I’m using the respeaker 2 mic hat with a PI4 (did start with a pi zero at first, but boy is that one slow) and so far I’m not impressed I have to say, but I think there is room for improvement.

Tests in a relatively small room with no background noise was OK for porcupine wake word detection. about 75% hit on the first try I’d say. for some reason, the actual STT detection seems to be better, less error prone. If I use the wakeword button in the GUI, I could stand about 4 meters away and give the command in a normal speaking voice. Wake word seems to need a louder voice in order to be picked up ( I could check the debug log from across the room on my monitor).

I then placed the pi approximately 60cm away from my laptop where I played a song in a different language and reduced volume. Wake word detection was basically impossible this way. the actual command was recognized, but only after running into a time out, which is the nature of the voice recognition beast I guess.

This confirms my findings with the matrix creator.
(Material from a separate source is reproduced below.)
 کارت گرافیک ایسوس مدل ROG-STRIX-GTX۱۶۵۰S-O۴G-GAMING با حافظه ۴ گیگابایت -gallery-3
Wake word detection is finicky. Is there a way to improve it, apart from the sensitivity? I played with the sensitivity and it doesn’t seem to pick up the wake word any better.

Not sure what to make of these findings to be honest. It seems to be tricky even without background noise and in a “controlled” environment. I’m not getting my hopes up to much for a real world scenario to be honest.

Not really sure with porcupine but its highly likely the audio is normalised so level is less of an issue.
If your signal is really low then when normalised noise becomes a big part of that gain so if its really low then it can be a problem.

Best thing to do is actually see what your getting for audio and arecord a wav from set distances and load up in audacity and take a look and listen.
If you scroll through this thread.

It should give you some tips.
Apols should of told you to install the kernel headers but there is no need to be locked to a kernel.

omnidirectional mics without the beamforming algs of Google Home/echo with 3rd party noise will just flood the signal and nothing is in place to remove.
Its why I prefer unidirectional electrets as its not a huge amount but they have natural inbuilt directionality (beamforming in the direction you point them and noise reduction).

But 3rd party noise is problematic to all when it reaches a ratio to voice especially when without dsp algs.
If rhasspy is playing the audio then we can set up speex AEC which does a good job as we have that signal so we can cancel from the mic.
3rd party we don’t have that signal or the clock sync of having input and output on the same audio card.

Don’t know much about the matrix creator to be honest.

The VAD isn’t the greatest so with 3rd party noise its likely it will not detect silence and time out.